AGI achieved; now what?

First of all, yes. I'm calling it.

But...

Let's first address what AGI — Artificial General Intelligence — is.

There is a wide range of definitions across the tech industry, but they all seem to converge into a human-level sort of artificial intelligence.

"[...] with capabilities that rival human cognitive functions"

"[...] can demonstrate human-like intelligence across multiple domains"

"[...] that can match or exceed human reasoning abilities"

Considering just intelligence, it's natural to think of it as a model. More specifically, a large language model; as those are the ones that feel intelligent today.

But here is the thing: by that definition, it's been achieved long ago. Likely with the introduction of GPT-4.

No single human could beat no single large model on a wide test (as in a mixed range of disciplines, industries, areas, whatever).

In fact, let's exercise this now.

I've asked 4 questions to GPT 4.1 mini (the worst currently available model on ChatGPT), plus a double check by o3 (which is a system, not just a model — more on that below).

Write Rust code (with unit tests) that applies SIMD-vectorized ReLU to a f32 slice using std::arch.
https://chatgpt.com/share/68593c5a-7eb4-8013-9967-96e84530d198
Create a decision flowchart for diagnosing iron-deficiency anemia in primary care using ferritin, transferrin saturation, CRP, and colonoscopy referral thresholds.
https://chatgpt.com/share/68593c75-a428-8013-9e92-287bd48e7780
Prove every finite group of order p² is abelian.
https://chatgpt.com/share/68592f50-5edc-8013-bceb-30d5e85a1bc8
Draft a GDPR-compliant privacy notice for a wearable glucose monitor that transfers data to U.S. servers, citing legal bases and retention limits.
https://chatgpt.com/share/68593909-03f4-8013-a411-27cf0a3664aa

Can you provide better answers to all of them?

To any of them?

Can anyone?

Speaking for myself, I can barely understand the questions. Maybe a PhD could answer better... one of them.

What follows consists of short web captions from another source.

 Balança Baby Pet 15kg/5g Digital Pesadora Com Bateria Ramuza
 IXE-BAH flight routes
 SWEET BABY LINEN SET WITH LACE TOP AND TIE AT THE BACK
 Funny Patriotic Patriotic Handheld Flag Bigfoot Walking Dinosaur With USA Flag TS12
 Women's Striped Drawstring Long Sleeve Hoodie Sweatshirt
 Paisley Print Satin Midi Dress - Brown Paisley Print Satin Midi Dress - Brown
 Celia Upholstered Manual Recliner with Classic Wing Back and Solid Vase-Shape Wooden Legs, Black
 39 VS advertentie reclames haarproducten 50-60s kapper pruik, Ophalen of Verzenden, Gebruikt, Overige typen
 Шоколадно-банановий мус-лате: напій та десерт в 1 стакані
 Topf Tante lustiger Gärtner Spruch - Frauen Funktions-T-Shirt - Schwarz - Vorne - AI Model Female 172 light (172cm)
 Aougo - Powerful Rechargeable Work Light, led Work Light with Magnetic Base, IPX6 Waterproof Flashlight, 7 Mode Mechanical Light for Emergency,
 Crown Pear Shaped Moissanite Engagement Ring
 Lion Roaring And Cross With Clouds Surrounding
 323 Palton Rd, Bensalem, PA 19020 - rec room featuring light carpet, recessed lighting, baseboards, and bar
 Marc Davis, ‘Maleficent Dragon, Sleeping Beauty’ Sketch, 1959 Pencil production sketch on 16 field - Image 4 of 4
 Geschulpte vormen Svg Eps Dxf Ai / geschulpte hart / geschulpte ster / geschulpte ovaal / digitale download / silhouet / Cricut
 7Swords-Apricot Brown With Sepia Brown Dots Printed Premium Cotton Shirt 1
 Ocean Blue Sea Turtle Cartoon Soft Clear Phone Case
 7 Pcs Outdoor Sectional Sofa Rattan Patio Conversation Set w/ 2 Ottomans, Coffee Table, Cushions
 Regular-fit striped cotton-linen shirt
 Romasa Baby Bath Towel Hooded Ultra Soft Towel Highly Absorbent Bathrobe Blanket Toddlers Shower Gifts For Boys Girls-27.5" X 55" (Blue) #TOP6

Of course if I had an infinite amount of time and access to all human tools (like the internet), I could. But that's not what it did.

All answers came in less than 3 seconds and on the first try. It's like if you replied instantly, word by word, with no prior search, no backspace, no drafting; nothing. Just pure instant answer like you do when asked what's 2+2.

Intelligence-wise, no single human beats a single GPT-4.

AGI has been achieved.

Right?

So why I'm not feeling the AGI?

...you'd ask me.

Or, more importantly, why do I still have to work?!

Well, let's picture what it takes to actually produce value. i.e. supply a product or provide a service that helps someone.

Say I want to publish a book on software development, which is a topic I'm comfortable with since I've been doing it for ~15 years.

Can I do it on a single session, like the GPT examples above? Can I sit down, open my preferred text editor, and just type it word by word until it's done?

Of course not!

I need to iterate (a lot!) on it.

I'll write, re-write, research, change my mind, read it again and again, fix typos, and lot more, until it's done. And that takes time!

In fact, it's said to take something between weeks and years to write any publishable book.

Stephen King, a professional writer, strives to write 10 pages per day.

So intelligence — the ability to coherently predict the future — is not enough.

You also need a feedback loop.

So... a loop, huh?

Let's break it down.

The loop is a simple concept, repeating the same action until a condition is met.

And the feedback is an evaluation of the current state — a judgement. It answers the question is the condition met?. Or, in other words should the loop stop or continue?.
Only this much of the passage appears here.